Honesty. Tell the subject up front, when you arrange the interview and again when the interview starts, what you are working on. This doesn't mean you ask the tough questions first. But you tell the subject honestly what the story is about and what you will be asking about, so the tough questions don't feel like an ambush.
Complaints. The person may have some gripes about how you personally, your paper or the media in general have covered something in the past. Listen to the complaints. Don't feel an obligation to respond specifically. If you do, don't respond defensively or argumentatively. Don't apologize if you're not sorry or if you were not responsible. The best way to handle most complaints is simply to listen and acknowledge, with brief explanations offered sparingly where appropriate.

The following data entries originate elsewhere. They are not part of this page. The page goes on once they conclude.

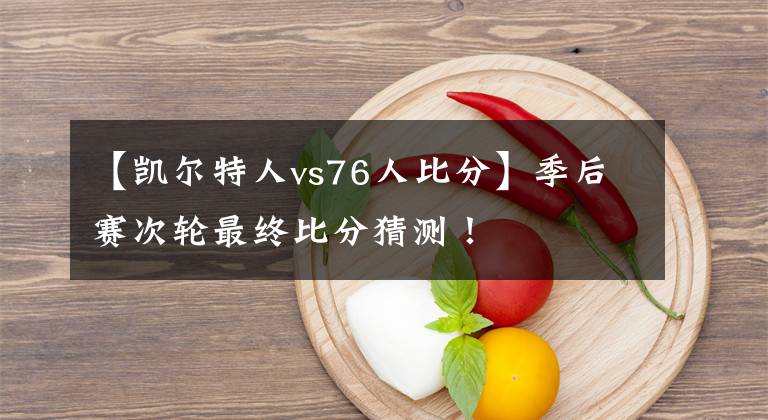 【凯尔特人vs76人比分】季后赛次轮最终比分猜测！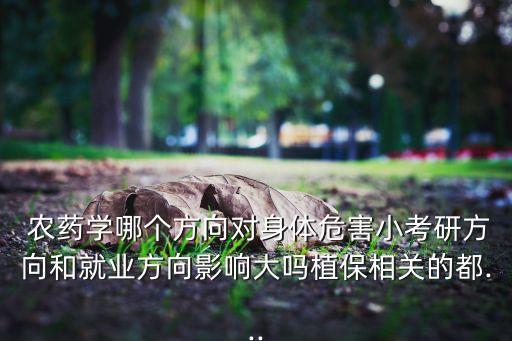  農藥學哪個方向對身體危害小考研方向和就業方向影響大嗎植保相關的都...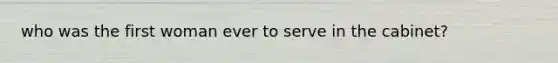 who was the first woman ever to serve in the cabinet?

Personal connection. Seek ways to establish a personal connection with the character. Do you have a child the same age as one in the picture on the desk? Ask about his children and commiserate briefly about car seats or car pools or car insurance, whatever stage the children are. Is the diploma on the wall from your school? Chat briefly about professors you might have shared or how bad the football team is now or whatever interests you might share. Don't fake a connection or stretch for one, but be alert for genuine ways to make a connection. If you have little in common with the person, connect by showing genuine interest in the character beyond the narrow focus of your story.

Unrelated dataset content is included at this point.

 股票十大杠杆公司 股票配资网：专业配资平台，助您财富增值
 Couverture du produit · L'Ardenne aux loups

Control. Unless your character is used to being interviewed, she probably feels uncomfortable facing you and your notebook. Early in the interview and again toward the end, give her some control. Sure, you're asking the questions, but answer her questions if she asks any. Listen politely as she wanders off the subject occasionally. People don't talk like we write. They might bury the lede (well, maybe they do talk like we write). Give her time to get around to it. Before you wrap up the interview, ask if there's anything else she'd like to add. In between, you will control the interview with some direct, tough questions. But if you share the control, your subject might feel comfortable enough to give you better answers.
Questions
Start with broad open-ended questions or simply invitations to talk. "Tell me about that." "What was that like?" "Fill me in on . . ." These questions invite the character to tell you his story. They also give him a chance to tell you something you might not know enough to ask about specifically. And the general nature of the question gives the character a feeling of control as he answers.
Move the interview along with responsive questions and statements that basically tell the character to keep talking: "Uh-huh." "Really?" "What happened next?" "How did you react?"
Ask specific, direct questions to elicit the information you need that the open-ended questions don't produce. "How much did that cost?" "Why did you do that?"
Ask brief questions.- Save your toughest questions until near the end. This gives you a chance to develop some rapport before the tough questions. It lets you be sure of gathering the easy information if the tough questions prompt the character to cut off the interview.
Remember the elements of story. Observe, take notes and ask questions about the setting. A photograph or award or piece of art may lead the subject to an interesting anecdote or revelation. Ask the character to demonstrate how she did something or show you where something happened or recall specific dialogue for you.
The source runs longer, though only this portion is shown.